We are the enlightenment’s willing slaves. It began when a number of 17th century European philosophers upset mankind’s apple cart. They independently and with variations on a theme argued that progress is not determined by God but by us. Progress, they said, is natural, relentless, and linear. We need to think of life, they contended, in terms of straight lines.
The notion was perfectly fine until the trenches of the First World War, extermination camps of the Second, and then, more recently, climate change’s dreadful reality suggested that perhaps positive progress is not so inevitable after all. Maybe progress does not follow a straight line. Perhaps Aboriginal philosophy, the spiritualism that existed long before religions demanded they were right and Locke, Hobbes, and his cohorts insisted they were wrong, were on to a more fundamental and enduring truth. Maybe it’s all about circles.
Consider the talking circle. It is a traditional way for Native North Americans to solve problems. In a traditional talking circle, men sit at the north and the women south. A conductor, who is nearly always silent, sits to the east. A token of some sort – a feather in Native circles – is passed and, like the old camp game, only those with the token can speak. It removes barriers and allows people to freely express themselves as equals with equally valuable experiences and views.
The talking circle is appearing more regularly in corporate boardrooms and team dressing rooms around the world for the simple reason it works remarkably well. Teachers call it a Harkness Table.

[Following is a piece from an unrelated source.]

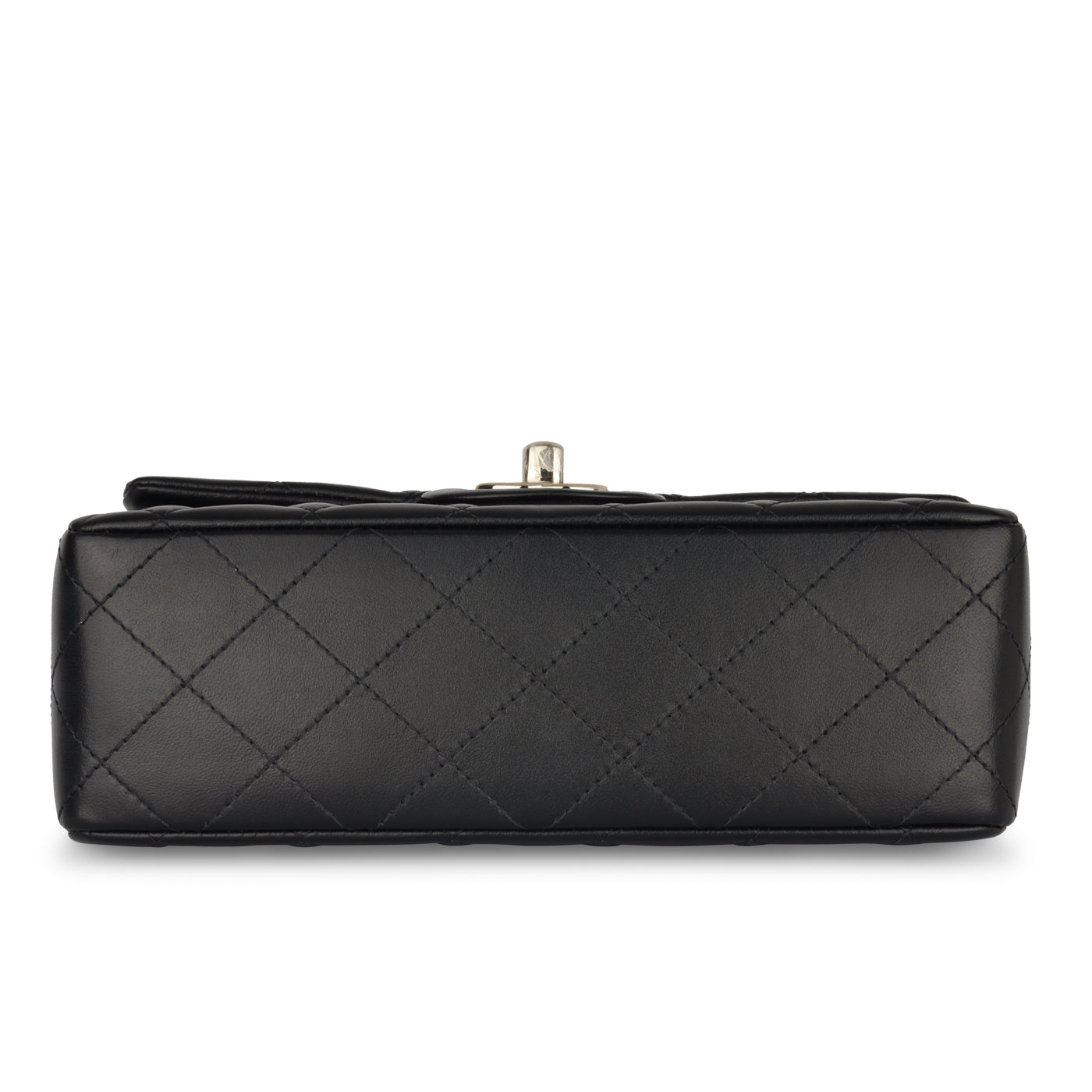 Chanel Classic Flap Lambskin Black Shoulder Bag Style 163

The healing circle is the talking circle’s most powerful iteration. Participants speak of whatever is bothering them with others listening without interruption. As parents and psychologists know, the act of speaking allows the first steps toward healing. The act of listening encourages empathy and support and invites not judgement, punishment, or revenge but justice and redemption. Alcoholics Anonymous employs this ancient technique.

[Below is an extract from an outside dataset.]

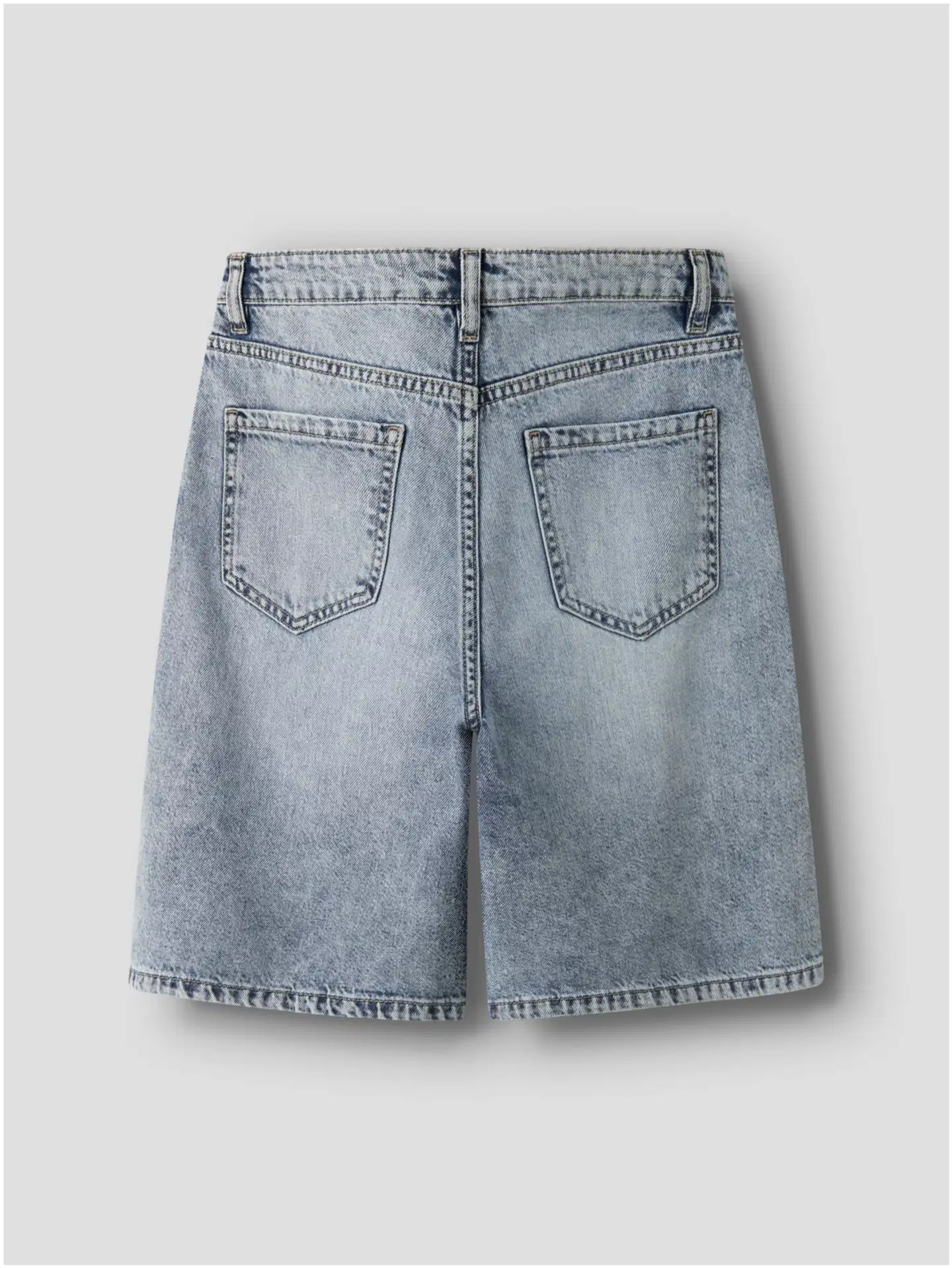 LMTD lasten shortsit - LIGHT BLUE DENIM - 2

The spiritual among us get it. Hermes Trismegistus once said, “God is a circle whose center is everywhere and whose circumference is nowhere.” The poet T. S. Eliot wrote:
We shall not cease from exploration
And the end of all our exploring
Will be to arrive where we started
And know the place for the first time.
Americans and Canadians are now embroiled in political decision-making. The air is smudged with attacks and promises and the media is focused on tiny, distracting issues while portraying the elections as horse races. The options being presented by the various candidates and parties are really asking voters to consider circles of loyalty and responsibility.
Some are saying we should be loyal only to our immediate families and ourselves. Everyone of a different class, race, region, or nationality be damned. Others are arguing that we should feel loyal to and responsible for those of our own country with those outside its borders on their own. We’ve made it into the tree house, they say, and should happily kicked down the ladder. Still others go further. They argue that we are human beings who share the planet and so should feel loyalty to and responsibility for all, including Earth itself.
When boiled to its essence, the American and Canadian elections are proving that the enlightenment philosophers were wrong and that aboriginal spirituality is right because it is really all about circles. It is about the size, the volume if you will, of our personal circles. So where do you draw your circle of loyalty and responsibility?
Consider that question when you hear a candidate speak of building a fence or helping to save Syrian refugees, supporting those who deny gay or women’s rights or those trying to extend them, propose we all pay a little so we can all be healthier or pay for only ourselves. Think of those using dog whistle code words such as “True Americans” or “Old Stock Canadians.” Where is their circle? Where is yours?